Это стало самым важным, что я узнала в ходе своего ареста и следственных действий. Следователь знал о ручке с ядом и злился на меня. Позже мы не смогли найти иного объяснения поведению следователя: очевидно, Тригон воспользовался ядом и умер.
Следователь взял себя в руки, и стенографистка просто записала, что в пакете была “ручка”. Затем техник вытащил маленькие капсулы, которые, как я знала, были катушками с пленкой. Следователь велел технику аккуратно положить их рядом с ручкой. Думаю, он решил, что это дополнительные резервуары с ядом.
Оставшиеся предметы — маленькие одноразовые блокноты, которые Тригон использовал для расшифровки радиосообщений, — были включены в список без подробных описаний.
Стенографистка завершила опись содержавшихся в пакете вещей. Взяв у нее листки, следователь протянул их мне и потребовал, чтобы я их подписала. Клифф сказал, что я не буду ничего подписывать.
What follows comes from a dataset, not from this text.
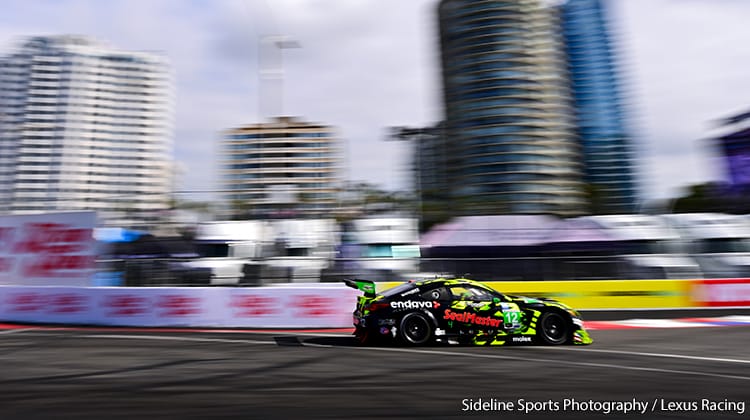 Lexus RC F GT3が伝統のロングビーチGPで勝利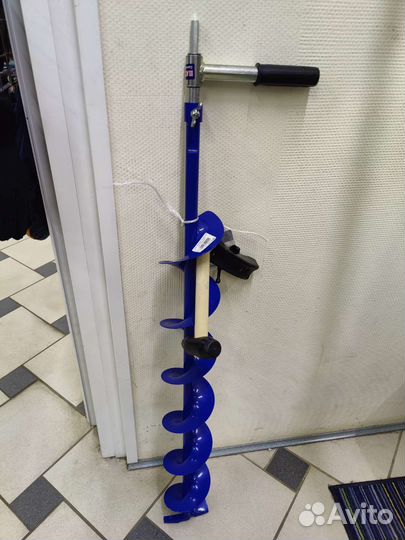 Шнек Патриот 130 мм (R) с адаптером под шуруповерт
— Вы можете идти, — неожиданно бросил следователь.
Спектакль окончился.
Мы с Клиффом переглянулись и встали из-за стола. Я сидела там с половины двенадцатого. Было уже два часа ночи.
Я потянулась за часами и колье. Мне протянул их мужчина, которого я ударила по ноге. Я по-русски сказала ему спасибо. Присутствующие начали перешептываться: оказывается, я говорила по-русски. Впрочем, они явно понимали, что при изучении любого языка первым делом узнаешь, как сказать спасибо и спросить, где туалет.
Но они не знали, кто я такая, и, главное, не понимали, какой урон я нанесла советскому правительству за время своей командировки в СССР. Хотелось бы мне оказаться в штаб-квартире КГБ в понедельник утром, когда они подняли бы отчеты слежки о моих действиях! Интересно, сколько офицеров КГБ лишилось работы после того, как выяснилось, что за мной не следили с самого моего прибытия в Москву 5 ноября 1975 года?
Мы с Клиффом вместе вышли из здания через приемную. Там сидел молодой милиционер. Проходя мимо него, я едва заметно ему подмигнула. Уверена, он расскажет своим внукам о той далекой ночи, когда арестовали молодую и невинную американку. А может, ему было все равно.
Мне было приятно выйти на улицу, где не было ни вонючих мужчин, ни придирчивых следователей. Жена Клиффа сидела в его синем “Мерседесе”, терпеливо ожидая, когда он вернется с непутевой американской туристкой. Она тоже удивилась, увидев меня.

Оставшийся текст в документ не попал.